== Segment start ==

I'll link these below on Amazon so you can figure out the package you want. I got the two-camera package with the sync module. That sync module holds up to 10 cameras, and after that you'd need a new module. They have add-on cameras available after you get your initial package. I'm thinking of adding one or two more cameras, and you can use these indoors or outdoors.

== Segment end ==
== Segment start ==

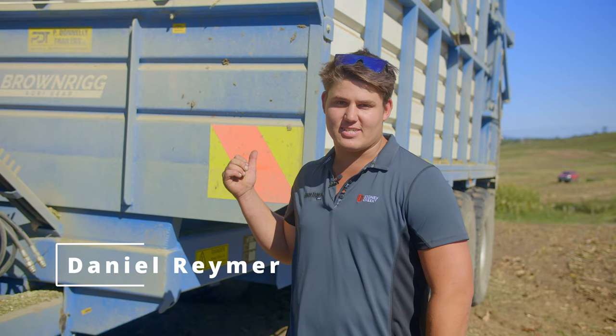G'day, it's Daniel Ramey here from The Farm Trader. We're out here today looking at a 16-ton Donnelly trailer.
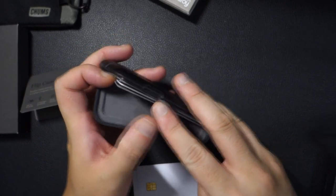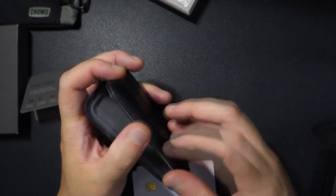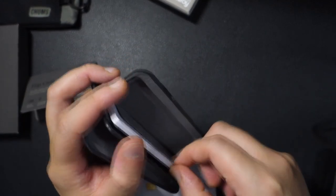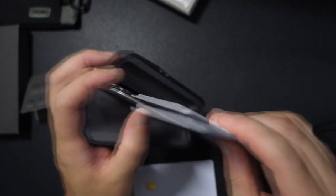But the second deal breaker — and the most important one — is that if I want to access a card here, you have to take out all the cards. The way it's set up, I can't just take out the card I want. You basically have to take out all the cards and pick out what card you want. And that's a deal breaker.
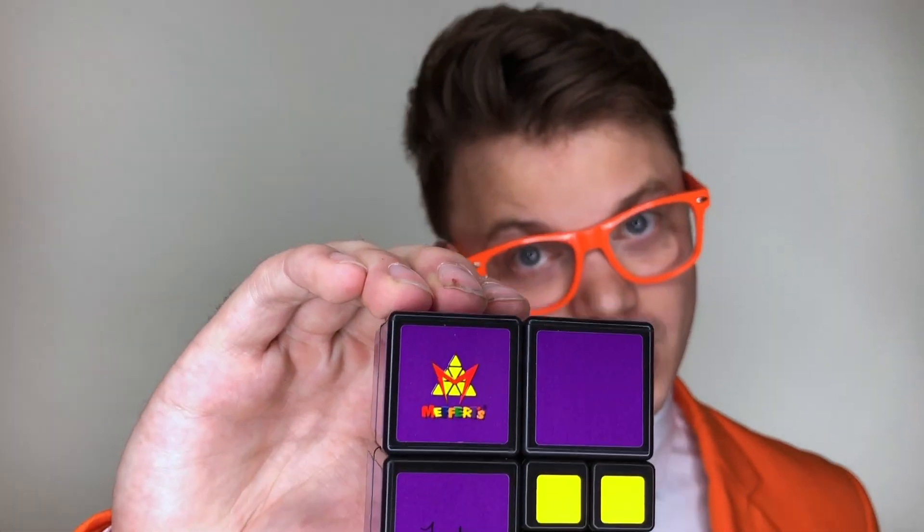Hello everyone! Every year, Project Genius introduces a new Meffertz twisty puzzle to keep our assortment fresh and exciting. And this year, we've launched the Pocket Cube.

== Segment end ==

■ DIRECTIONS FOR THIS TASK:
Above are some records. Output exactly the lines from the one that contains "But the second" to the one that contains "Hello everyone! Every", keeping both, and omit the pictures.

■ ANSWER FOR THE TASK:
But the second deal breaker — and the most important one — is that if I want to access a card here, you have to take out all the cards. The way it's set up, I can't just take out the card I want. You basically have to take out all the cards and pick out what card you want. And that's a deal breaker.
Hello everyone! Every year, Project Genius introduces a new Meffertz twisty puzzle to keep our assortment fresh and exciting. And this year, we've launched the Pocket Cube.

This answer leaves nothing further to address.